Та же самая ситуация создается и с цитатой «без вдохновенья». Она включается в диалог Александра и Петра Ивановича Адуева о любви, о постоянстве:
– Отчего же завтра? К матери завтра, а к Софье, которую через месяц надо забыть, сегодня…
– Софью? Можно ли ее забыть?
– Должно… (1, 46)
И в этом контексте для Александра Адуева реминисценция – и знак поэзии вообще, и представитель всего стихотворения Пушкина, которое, видимо, воспринимается им как утверждение любви «святой», т. е. вечной и неизменной. Между тем не раз повторенное в приведенном фрагменте диалога слово «забыть» тоже является скрытым знаком пушкинского контекста. Дядя – «надо забыть», Александр – «можно ли ее забыть?», у Пушкина —
И я забыл твой голос нежный,Твои небесные черты.

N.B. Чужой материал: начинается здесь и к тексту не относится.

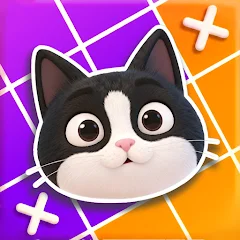 Meowdoku�������ǽ���v1.9.1 ��������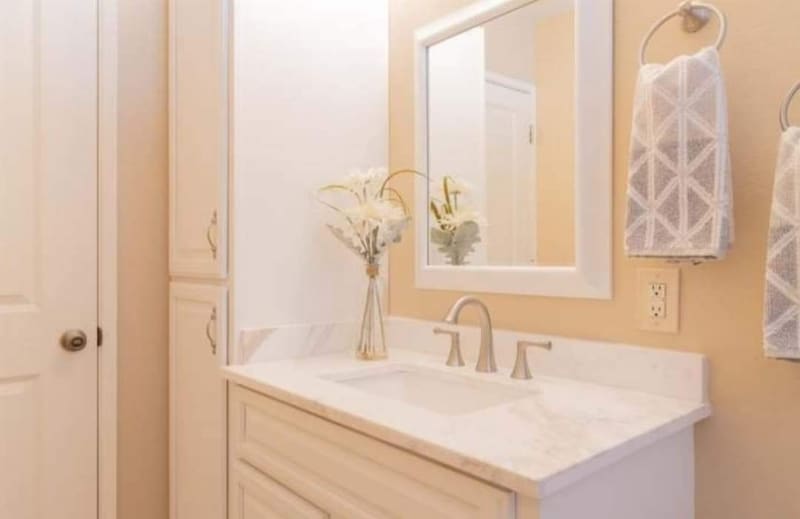 Building Photo - 712 Magnolia Ct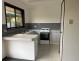 5/28 Gardiners Place, Southport QLD 4215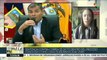Ecuador: condenan a Correa a 8 años de prisión y 25 de inhabilitación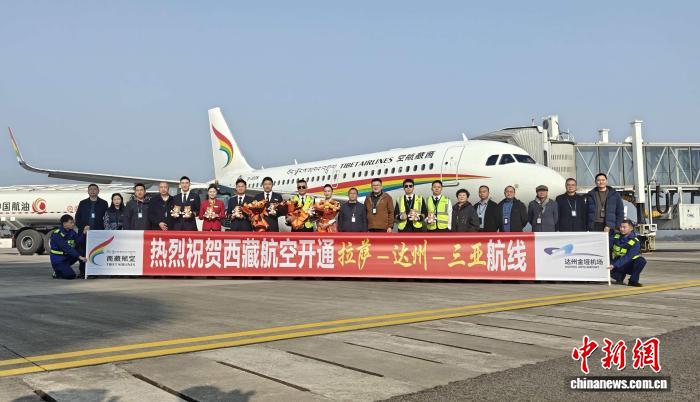 �׺���ʽ�ڴ��ݽ���������С������н�ͨ����ֹ�ͼ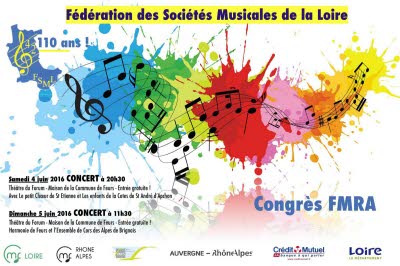 illustration-concerts-du-110e-anniversaire_1-1463572563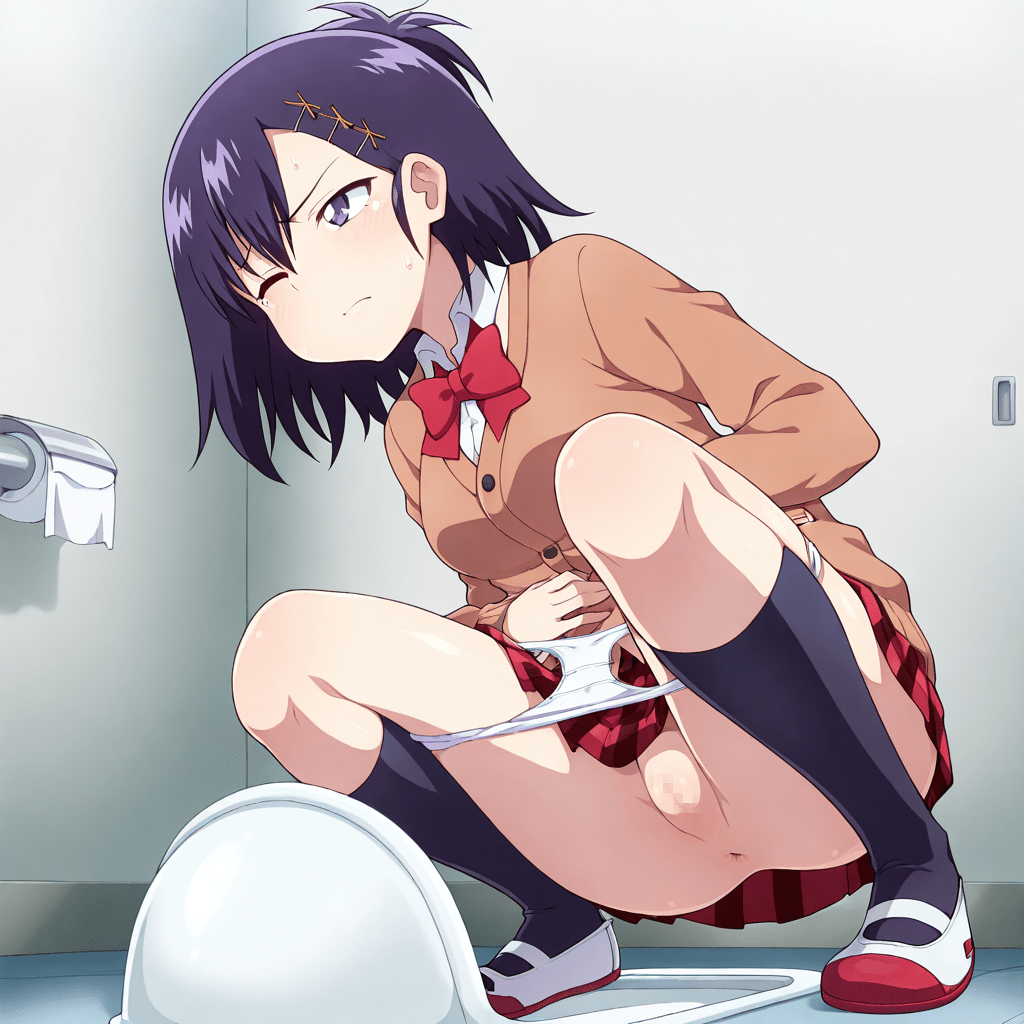 01086-waiNSFWIllustrious v90 3933489836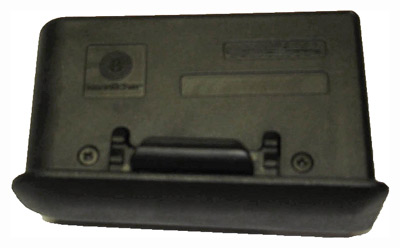STEYR MAGAZINE SCOUT 308 WIN 243 WIN & 7MM-08 5RD - for sale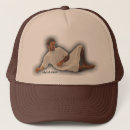 Recherche de frappeur casquettes Musique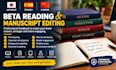 beta reading beta reader romance beta reader critique alpha reader spanish beta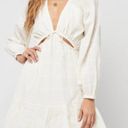 l*space Feelin Fine Dress Beach Cover Up Photo 0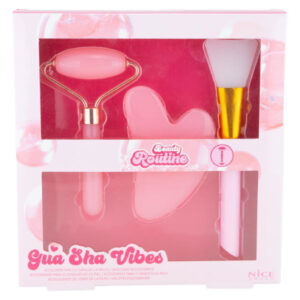 set-za-masazu-lica-beauty-routine-mini-mondo-1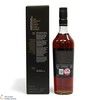 Bowmore - 26 Year Old 1999 PX Sherry Hand Filled #13 Thumbnail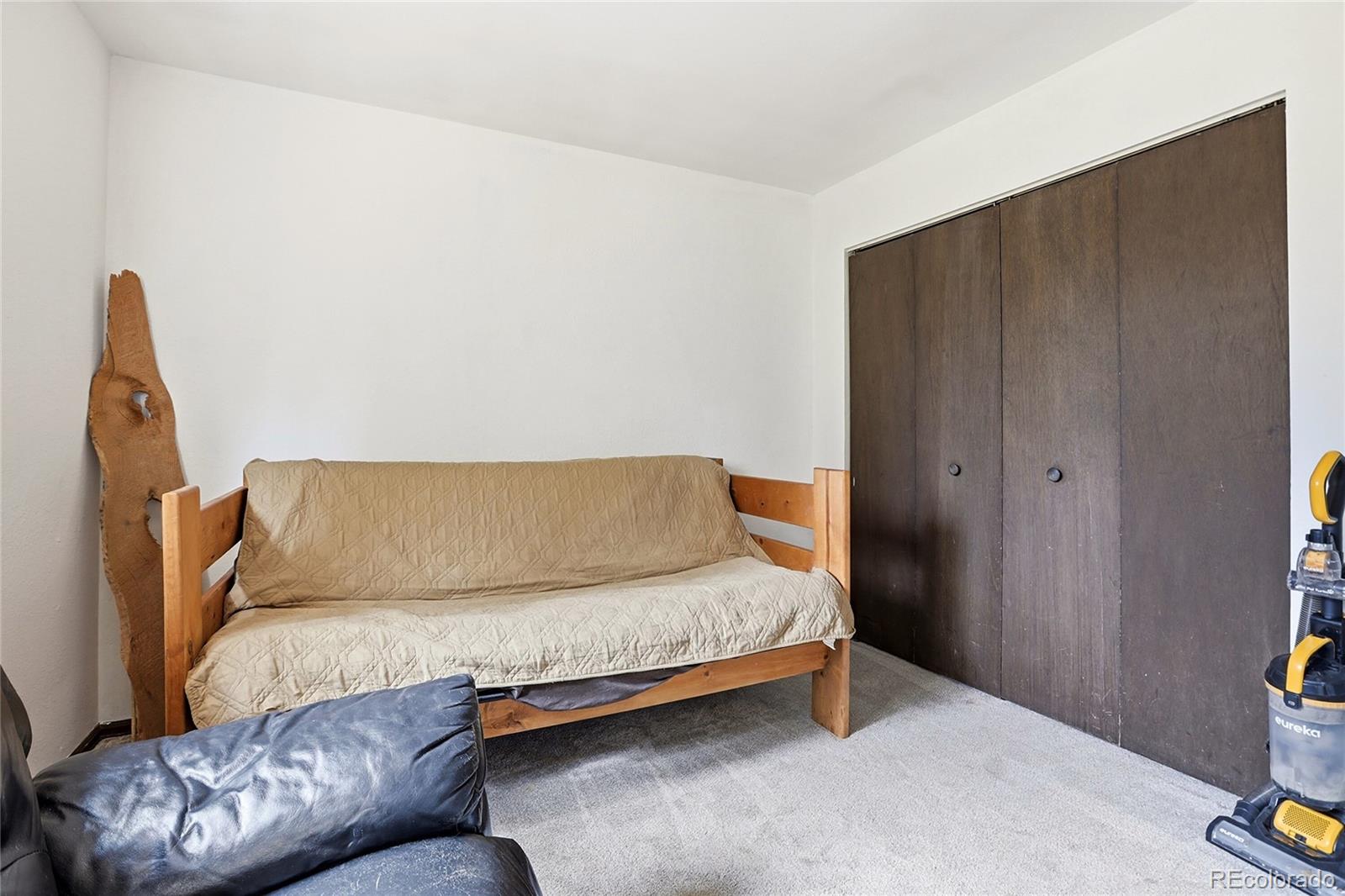 MLS Image #23 for 175  mount bailey drive,bailey, Colorado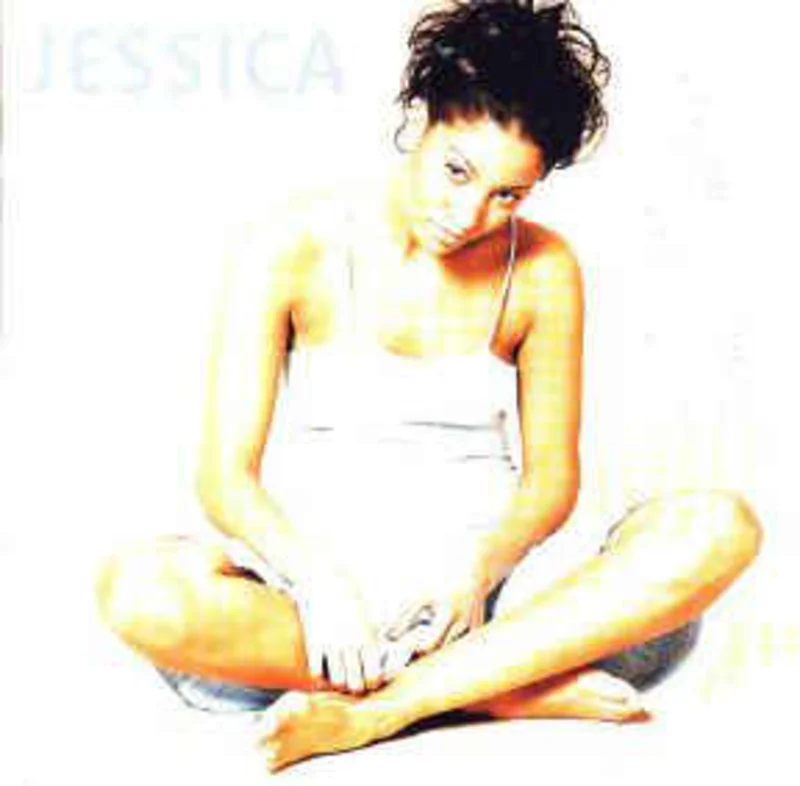 Jessica*  Jessica  (1998)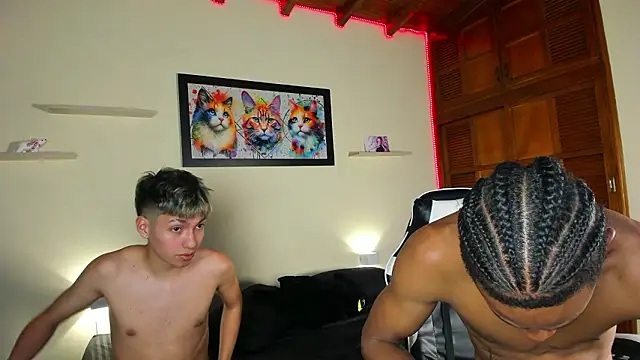 jordan mm420 online show from 02/27/26, 05:40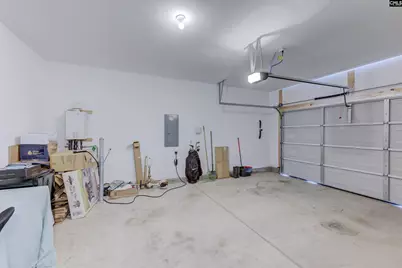 1330 Montford Drive, Elgin, SC 29045 - Photo 18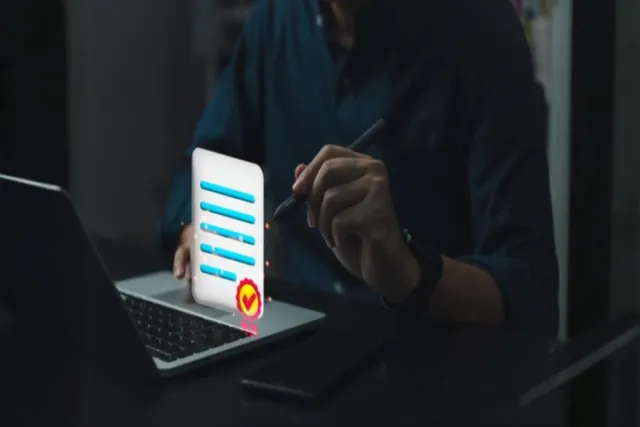 6 Leading Privacy Software for Handling DSAR Requests With Video 6 Leading Privacy Software for Handling DSAR Requests With Video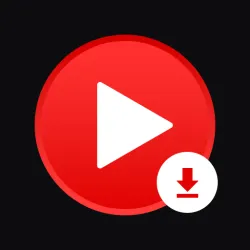 XWorld | ViPlayer: All Video Downloader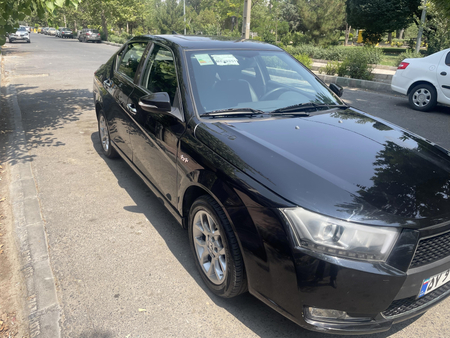 خودرو دنا، پلاس توربو آگهی ann_18555688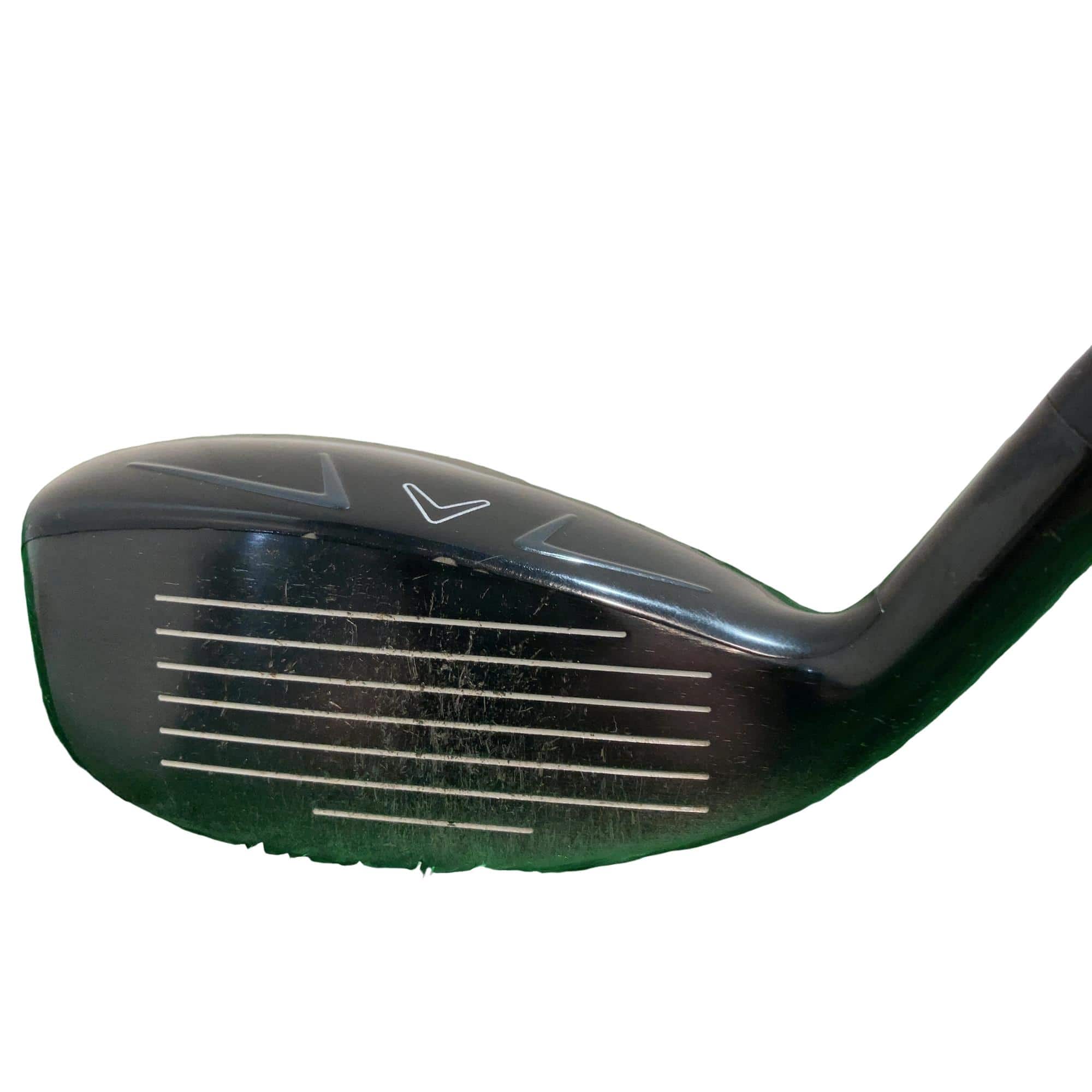 �d�o�h�b�@�r�s�`�q�@�t�T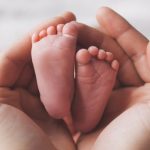 Predavanja za bodoče starše v porodnišnici SB Celje tudi v letu 2019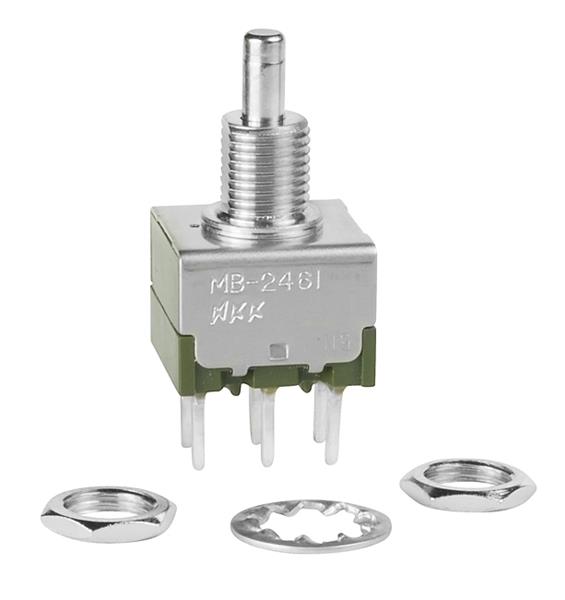 MB2461E1W03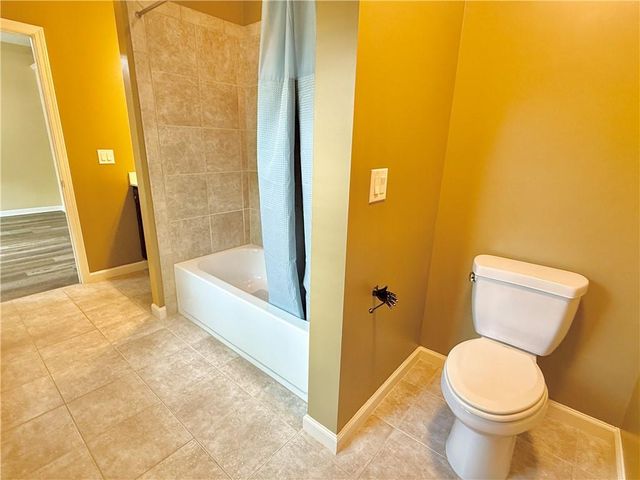 2080 Village Station Crossing, Smyrna, GA 30080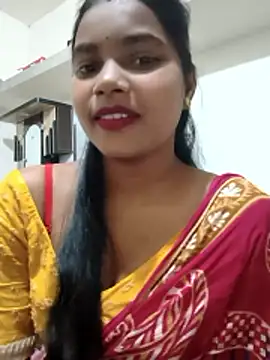 Snapshot of desi-bird chatting on January 12, 2026, 3:19 pm desi-bird online show from January 12, 2026, 3:19 pm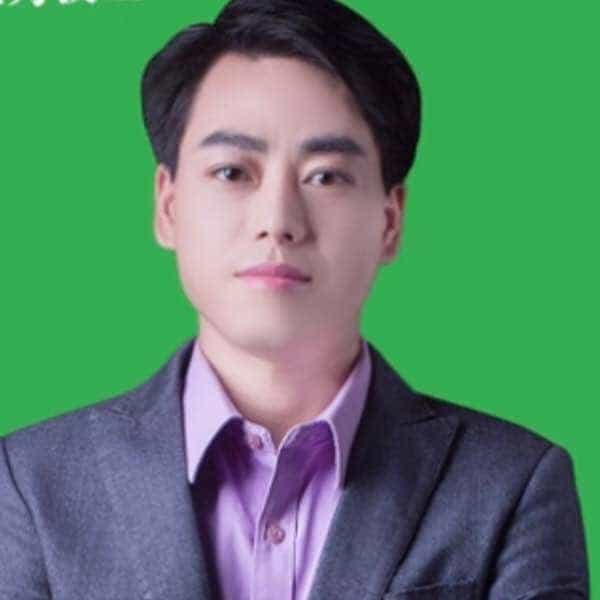 湖南38岁单身帅哥真诚找对象-保亭征婚相亲网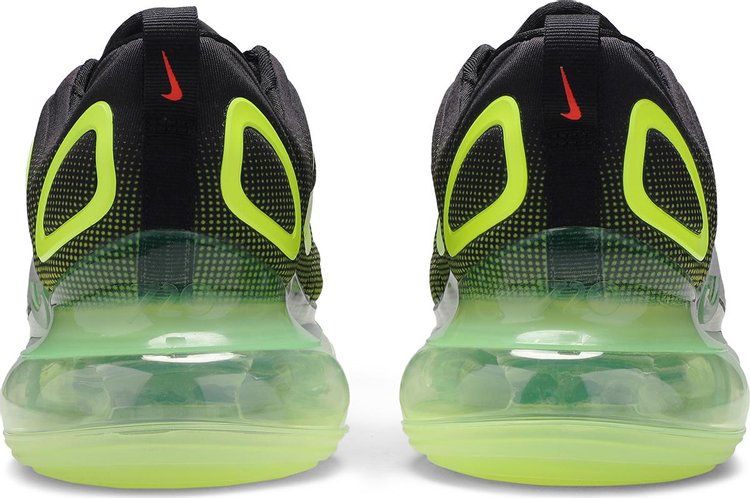 Air Max 720 Neon Collection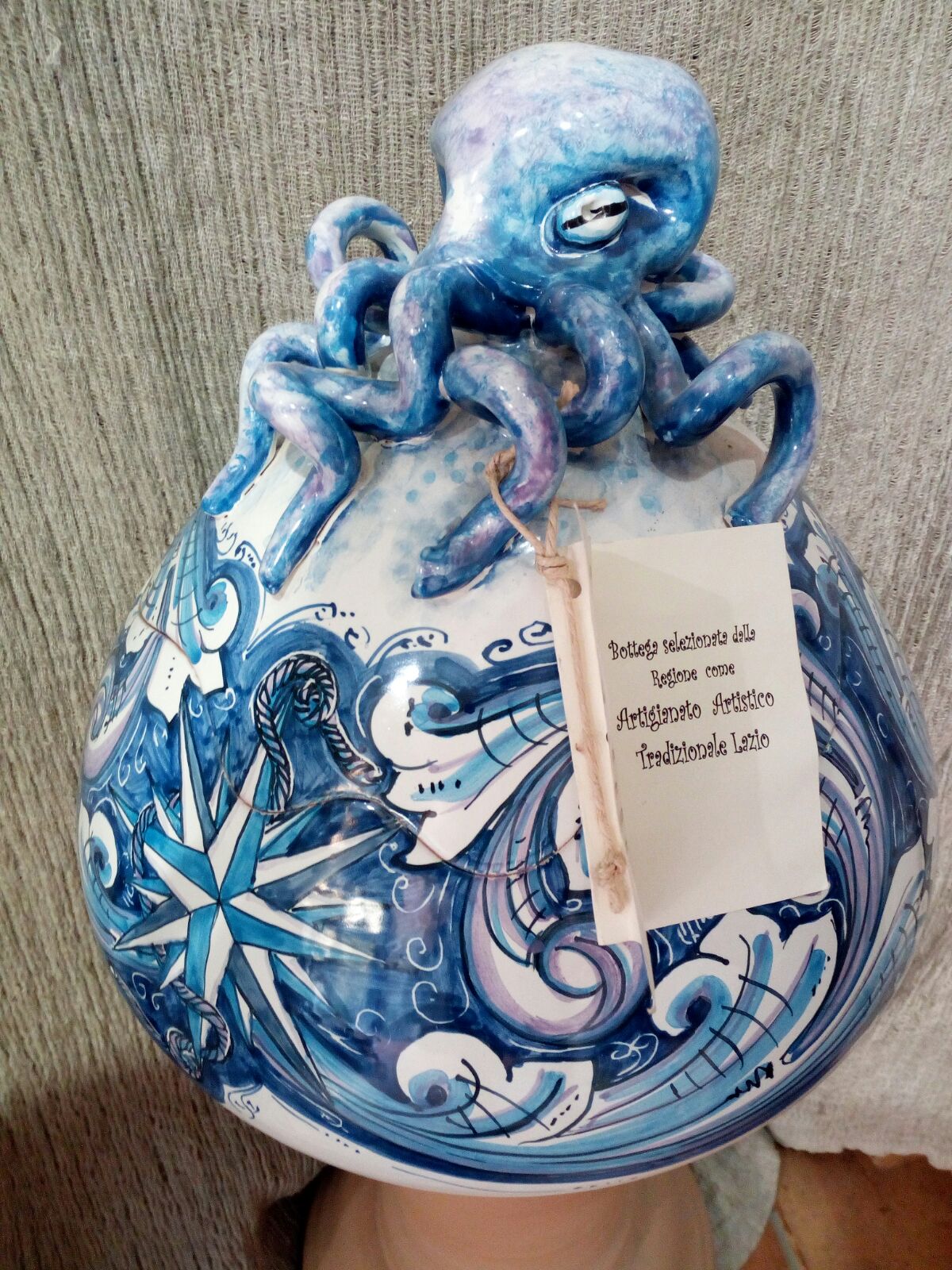 Eos Ceramiche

Второе Ее появление дается у Пушкина не как подтверждение вечной, «святой», воскрешающей любви. Не она принесла пробуждение душе, но
Душе настало пробужденье:И вот опять явилась ты…
Таким образом, снова смыслы знака пушкинского и адуевского не совпадают. Но дешифровка цитаты уточняется далее в романе, в продиктованном дядей Александру варианте письма:
Но он полагает также, что в разлуке привычка теряет силу и люди забывают друг друга и что это вовсе не преступление. Поэтому он уверяет, что я тебя забуду, а ты меня. Это мне, да и тебе, вероятно, кажется дико, но он советует привыкнуть к этой мысли, отчего мы оба не будем в дураках. О любви он того же мнения, с небольшими оттенками: не верит в неизменную и вечную любовь, как не верит в домовых – и нам не советует верить (1, 50—51).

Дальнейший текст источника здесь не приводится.